The bold heading that greets you on the Messy Church website is: ‘Church, but not as you know it’. Yes, Messy Church has ‘church’ in its title, but is it actually church?

The answer is: it depends. Not all Messy Churches intend to be fresh expressions of Church.

Last year, Church Army’s Research Unit released its findings, Playfully Serious; a detailed two-year survey of the deeper effects of Messy Churches in the Church of England. Not all leaders we spoke to saw their Messy Church as church in its own right.

Of the 174 Messy Churches interviewed in the survey, 86 (slightly less than half) viewed themselves as outreach initiatives. The main goal was to get more people to become part of the ‘main’ Sunday morning congregation.

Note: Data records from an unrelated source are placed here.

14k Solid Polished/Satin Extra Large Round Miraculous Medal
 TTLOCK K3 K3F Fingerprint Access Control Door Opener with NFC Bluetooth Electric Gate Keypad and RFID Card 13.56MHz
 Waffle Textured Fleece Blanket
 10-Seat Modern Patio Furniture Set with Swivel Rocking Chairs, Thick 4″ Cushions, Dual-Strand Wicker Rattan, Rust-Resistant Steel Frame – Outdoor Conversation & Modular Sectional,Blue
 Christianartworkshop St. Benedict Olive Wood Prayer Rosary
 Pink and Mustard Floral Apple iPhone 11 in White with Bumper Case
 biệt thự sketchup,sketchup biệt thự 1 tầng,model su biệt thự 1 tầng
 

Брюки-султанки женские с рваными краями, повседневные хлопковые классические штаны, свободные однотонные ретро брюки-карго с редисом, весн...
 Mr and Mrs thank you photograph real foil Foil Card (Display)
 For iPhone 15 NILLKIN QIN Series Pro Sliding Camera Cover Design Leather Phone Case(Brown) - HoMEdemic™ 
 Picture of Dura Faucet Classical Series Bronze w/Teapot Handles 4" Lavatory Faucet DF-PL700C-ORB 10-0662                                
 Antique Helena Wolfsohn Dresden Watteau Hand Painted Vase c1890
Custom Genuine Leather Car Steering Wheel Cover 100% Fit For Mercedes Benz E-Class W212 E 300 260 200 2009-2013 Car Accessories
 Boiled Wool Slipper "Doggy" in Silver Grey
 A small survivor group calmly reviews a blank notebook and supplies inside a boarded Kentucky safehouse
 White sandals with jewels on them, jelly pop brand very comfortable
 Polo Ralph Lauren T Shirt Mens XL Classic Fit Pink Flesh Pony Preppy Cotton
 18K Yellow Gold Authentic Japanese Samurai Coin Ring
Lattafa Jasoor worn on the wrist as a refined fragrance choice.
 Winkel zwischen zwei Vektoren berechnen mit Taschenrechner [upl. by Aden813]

But 88 out of the 174 (slightly more than half) saw themselves as church congregations in their own right, designed to reach new people – in other words, fresh expressions of Church.

Some critics, however, aren’t convinced by the ‘fresh expressions’ Messy Churches. In his book, Testing Fresh Expressions, John Walker writes that Messy Church is “community service provision rather than church” and that “it will function, in practice, ‘as a halfway house to Sundays’”.

Alison Milbank, speaking on the Sunday programme on BBC Radio 4, echoed this by saying Messy Churches are “incredible as a traditional Sunday School happening in the week … but as your only thing of church in your life, they’re not an equivalent of the parish.”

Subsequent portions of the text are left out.